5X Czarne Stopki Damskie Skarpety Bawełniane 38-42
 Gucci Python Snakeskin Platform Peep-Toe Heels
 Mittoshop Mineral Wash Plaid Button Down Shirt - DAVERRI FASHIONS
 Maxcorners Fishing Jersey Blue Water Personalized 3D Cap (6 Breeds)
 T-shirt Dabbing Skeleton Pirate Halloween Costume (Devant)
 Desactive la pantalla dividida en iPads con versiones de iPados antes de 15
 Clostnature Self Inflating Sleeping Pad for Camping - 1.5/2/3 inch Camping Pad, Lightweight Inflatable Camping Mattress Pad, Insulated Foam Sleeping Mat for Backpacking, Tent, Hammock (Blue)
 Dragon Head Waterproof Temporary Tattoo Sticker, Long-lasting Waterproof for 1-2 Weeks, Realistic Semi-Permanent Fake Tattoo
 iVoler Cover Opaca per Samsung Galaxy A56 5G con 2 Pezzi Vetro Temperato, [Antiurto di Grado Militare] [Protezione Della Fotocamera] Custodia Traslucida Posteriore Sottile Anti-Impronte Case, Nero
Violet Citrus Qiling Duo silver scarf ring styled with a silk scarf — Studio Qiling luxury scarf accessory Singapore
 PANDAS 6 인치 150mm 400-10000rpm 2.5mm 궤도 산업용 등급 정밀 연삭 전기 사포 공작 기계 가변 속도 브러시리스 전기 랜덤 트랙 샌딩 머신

**Problem statement:**
Reproduce exactly what appears from the line containing "iVoler Cover Opaca" down to the final line of the data.

**Response to this task:**
 iVoler Cover Opaca per Samsung Galaxy A56 5G con 2 Pezzi Vetro Temperato, [Antiurto di Grado Militare] [Protezione Della Fotocamera] Custodia Traslucida Posteriore Sottile Anti-Impronte Case, Nero
Violet Citrus Qiling Duo silver scarf ring styled with a silk scarf — Studio Qiling luxury scarf accessory Singapore
 PANDAS 6 인치 150mm 400-10000rpm 2.5mm 궤도 산업용 등급 정밀 연삭 전기 사포 공작 기계 가변 속도 브러시리스 전기 랜덤 트랙 샌딩 머신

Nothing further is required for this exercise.